Eso es, tal cual. Me parecía importante construir una perspectiva clara de lo que había pasado durante estos años. Primero porque la sociedad colombiana necesitaba este tipo de perspectiva, y segundo porque en un país tan violento como el nuestro uno carga con esta violencia. Quería saber cómo cargaba ese poso de manera personal, no sólo colectiva.
En algún momento de la novela se lo dicen al pelao, que se le leen todos los muertos que carga en los ojos.
Sí, esa frase resume bien el hecho de que la novela también fue un proceso personal, que no asumí con afán, sin prisas. Era una catarsis. Cuando empecé con el trabajo me di cuenta que por mi carácter y mi forma de ser nunca me ha gustado la Academia. No encontraría el libro que quería en universidades ni periódicos. Por aquel entonces vivía en Barcelona, así que decidí volver a Colombia algunos meses, recorrer sus pueblos e intentar entender mi país desde la superficie, porque lo de arriba sólo son cifras e ideologías que se cruzan. Los intelectuales viven pensando en cosas demasiado alejadas de la calle. Hice un proceso de investigación lento, complicado y caro.
Tardaste nueve años.
Casi diez. Una vez terminó el proceso me puse a escribir, y finalmente encontré lo que quería contar. En ese momento no estaba bien económicamente, así que tocó el proceso de ir escribiendo y buscar financiación para mi supervivencia personal. Atravesé muchas crisis personales y familiares que afectaron en el desarrollo de la novela. Me cansé. Dejaba el libro dos meses, lo retomaba, leía lo que había escrito y me animaba de nuevo: debía terminarlo.

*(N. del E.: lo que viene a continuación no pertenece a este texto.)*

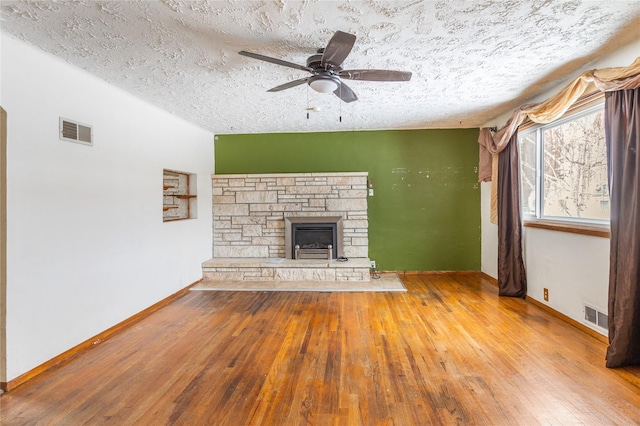 unfurnished living room with wood-type flooring, visible vents, and a stone fireplace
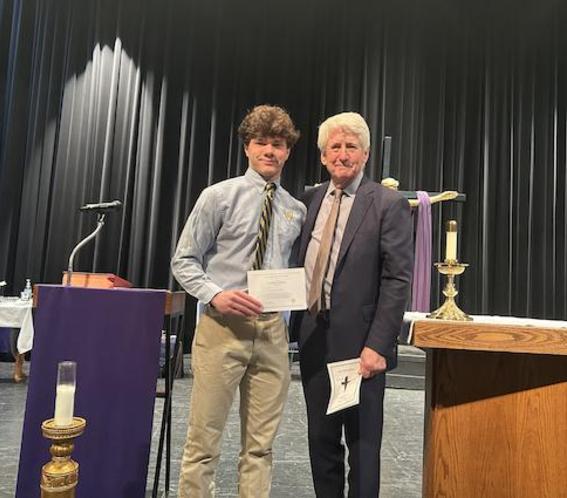 Bruin senior Jack Williams named National Merit Finalist. Here he stands with Principal John Jordan.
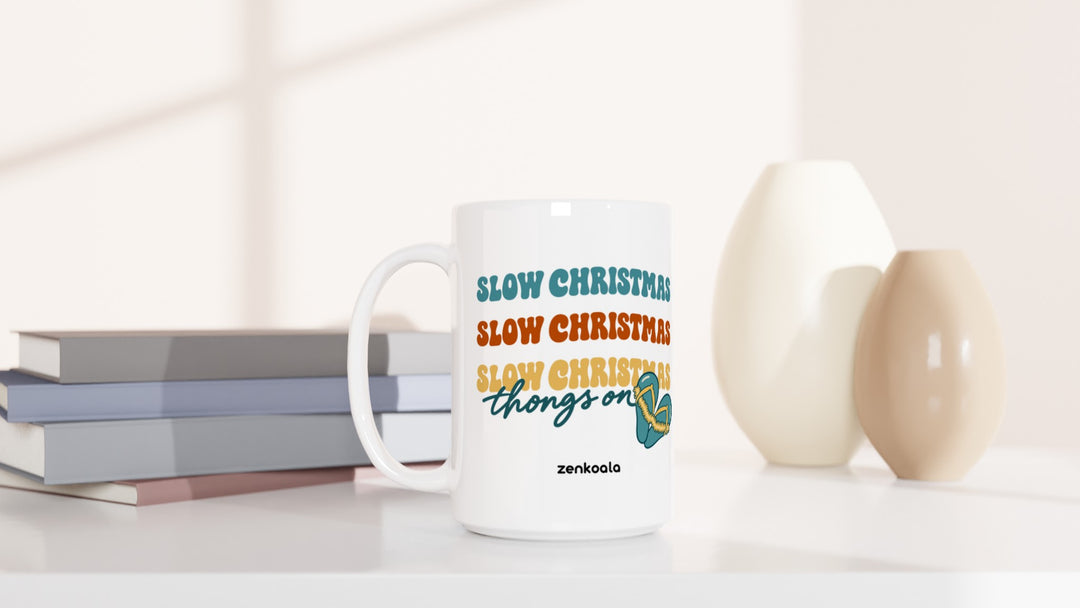 Slow Christmas Thongs On 15oz mug beside books and vases, Zen Koala Australia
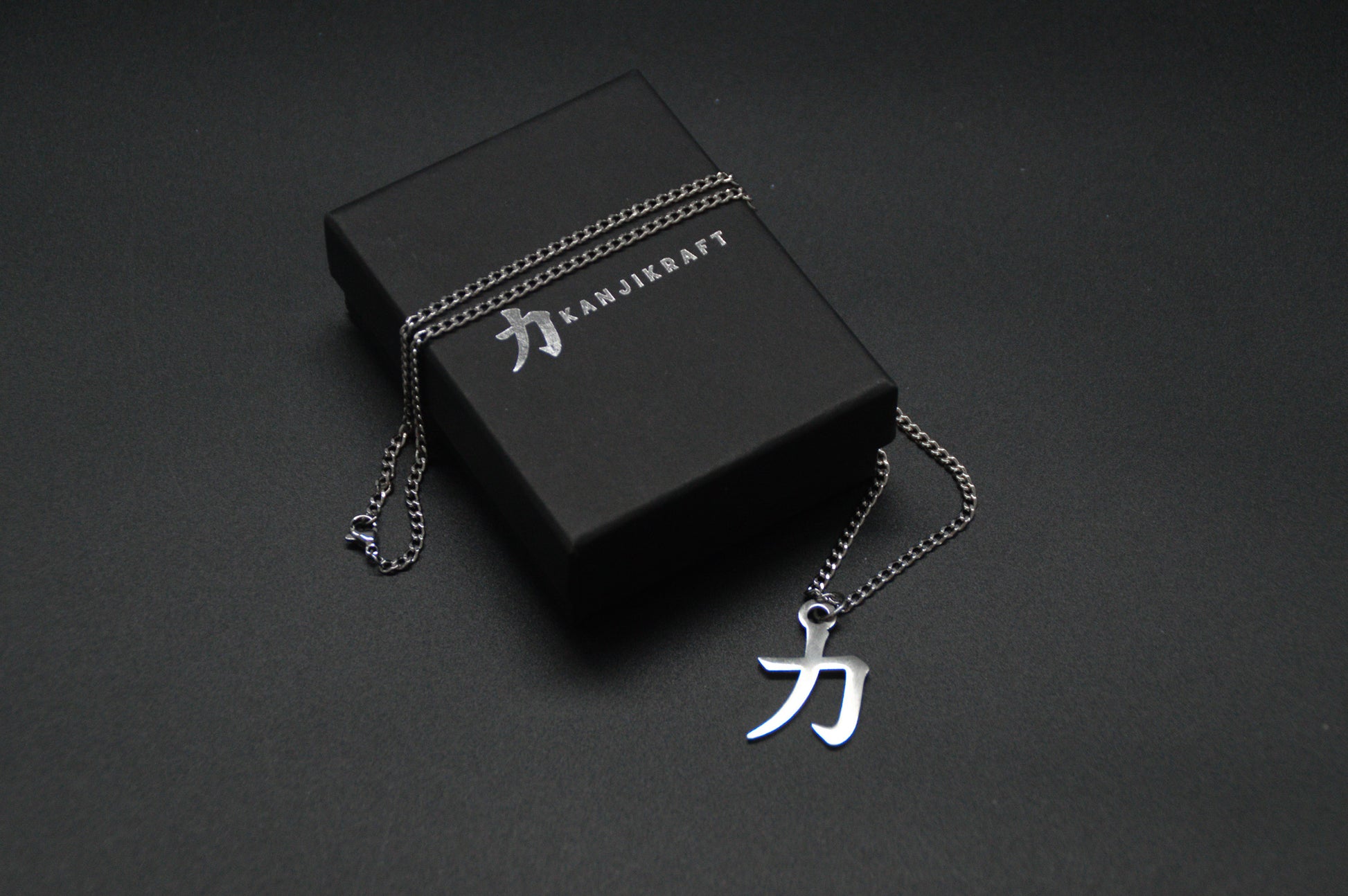 Das Japanische Schriftzeichen für Kraft als Edelstahlkette auf einem Schwarzen Hintergrund auf einer edlen KanjiKraft Geschenkbox. Das gleiche Kanji wie im Logo von KanjiKraft.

Eso es lo que nunca sale en las páginas del libro, esas pausas que nadie sabe, pero que son importantes en la elaboración.
El libro se salvó a sí mismo. Merecía ser terminado.

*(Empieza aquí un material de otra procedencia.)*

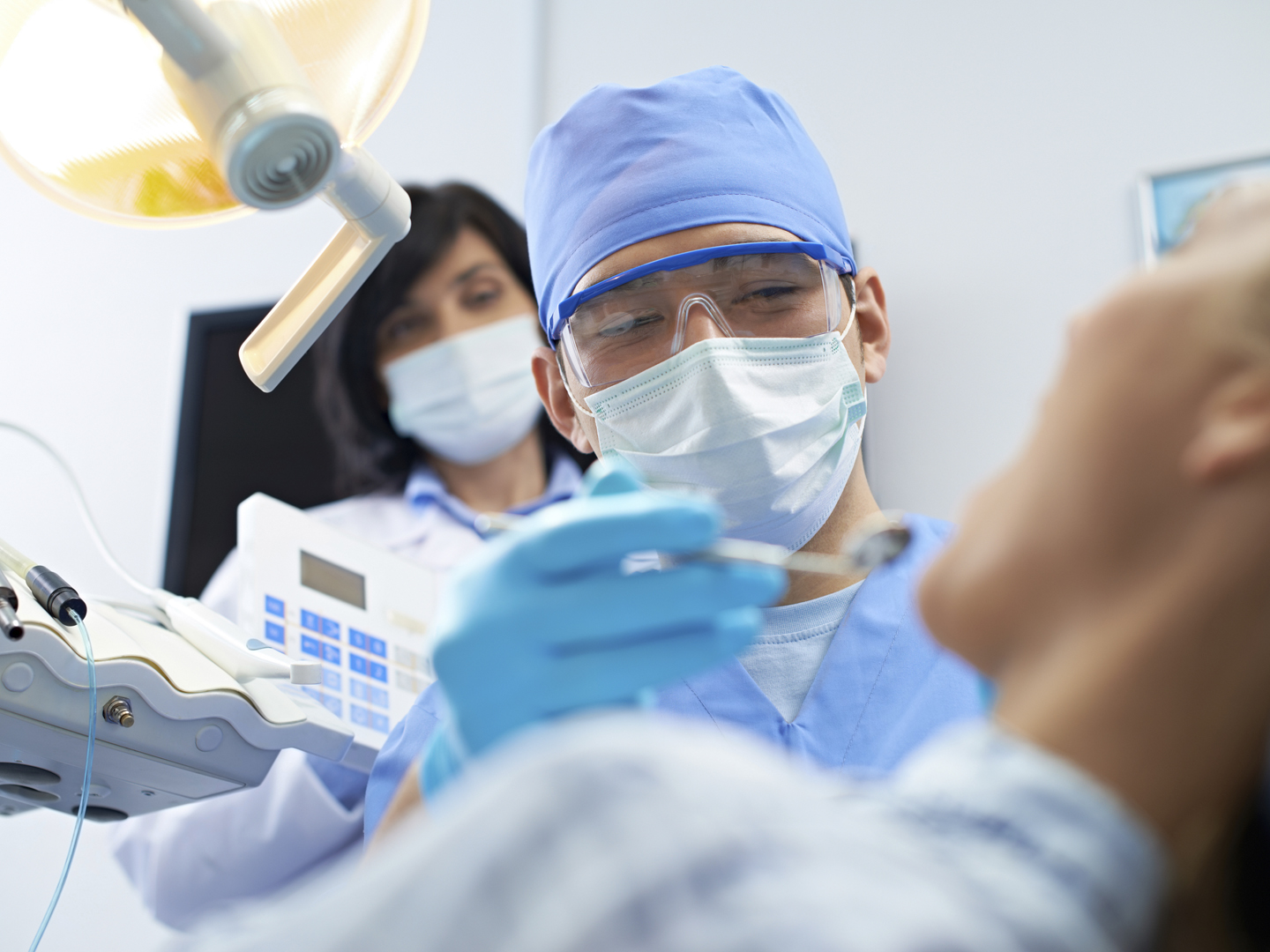 Male dentist during medical procedure at office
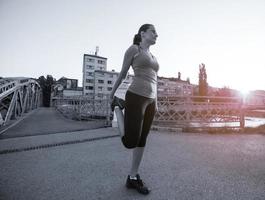 donna che fa jogging attraverso il ponte al mattino soleggiato foto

¿Esa elaboración tan larga ha incidido en la sensación de vértigo que transmite 35 muertos?
No, eso es más una cuestión de estilo.
Entiendo que el estilo parte de lo que me has dicho, que esta historia no podía ser contada de modo académico.
Esto corresponde a una cuestión colombiana. Nuestra sociedad es muy violenta y la muerte está siempre presente. Eso provoca que se viva de manera muy intensa, como si el mundo terminara mañana mismo. Quería transmitir el vitalismo desde la violencia y una intensidad irracional, porque así vivimos.
Se percibe una alegría subterránea por el sexo y la música.
Nadie sabe lo que es la muerte. La gente contrapone la vida ante eso. Hay que echar todos los polvos posibles.
Aquí en Europa a veces pecamos de no hacer eso, como si no tuviéramos prisa.
García Márquez refleja muy bien lo que digo con lo de “polvo que no echas, se pierde para siempre”. Las cosas hay que hacerlas ya, porque de otro modo desaparecen.
Carpe diem.
Eso es, y aquí entra un aspecto formal que me parecía fundamental: quería que cada capítulo fuera como un instante completo, como si cada uno fuera un puño.
Ráfagas de vida.
Exactamente, por eso si te fijas casi no hay puntos y aparte.
Y de hecho la estructura respira a partir de que cada sección está dividida por un verso musical. ¿Lo pensaste desde el inicio?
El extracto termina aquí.